▶ [SOURCE MATERIAL]:
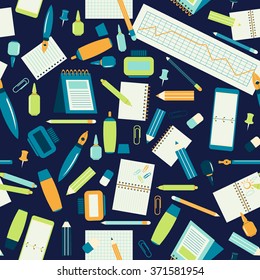 Seamless pattern different stationery for business and education.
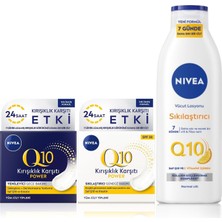 Kazan Hobi Nıvea Q10 Power Kırışıklık Karşıtı Spf 30 Gündüz Yüz Bakım Kremi 50 ml ve Q10 Kırışıklık Karşıtı Gece Bakım Kremi 50ML ve Sıkılaştırıcı Vücut Losyonu 250 ml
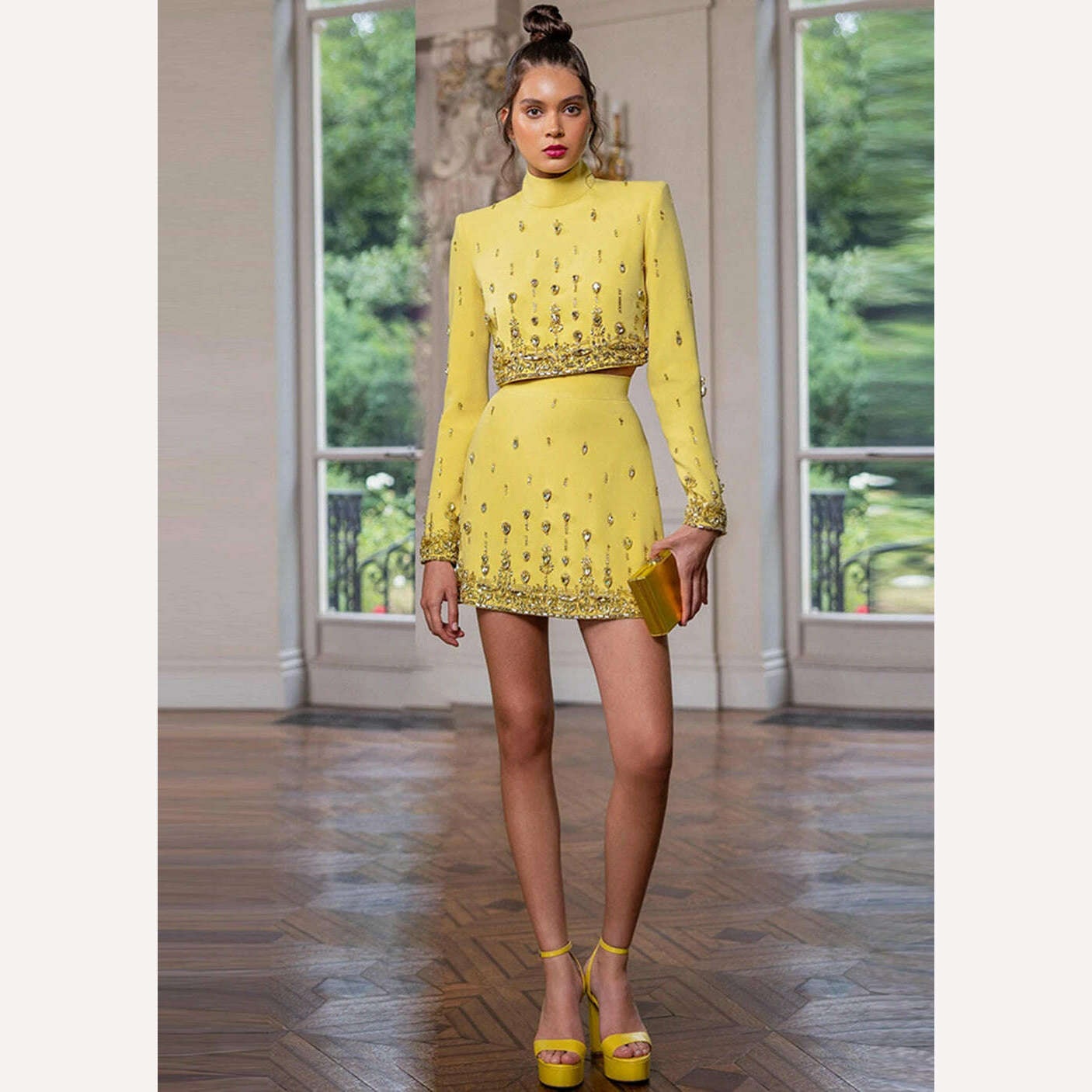 Ailigou 2023 New Autumn Women's Fashion Sexy Diamond Beaded Short Top+Dress Yellow Two Piece Suit Set High Quality - KIMLUD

▶ [ABOUT THIS EXERCISE]: Go through the listing above and retype each line exactly, apart from the pictures.

▶ [RESPONSE AREA]:
 Seamless pattern different stationery for business and education.
 Kazan Hobi Nıvea Q10 Power Kırışıklık Karşıtı Spf 30 Gündüz Yüz Bakım Kremi 50 ml ve Q10 Kırışıklık Karşıtı Gece Bakım Kremi 50ML ve Sıkılaştırıcı Vücut Losyonu 250 ml
 Ailigou 2023 New Autumn Women's Fashion Sexy Diamond Beaded Short Top+Dress Yellow Two Piece Suit Set High Quality - KIMLUD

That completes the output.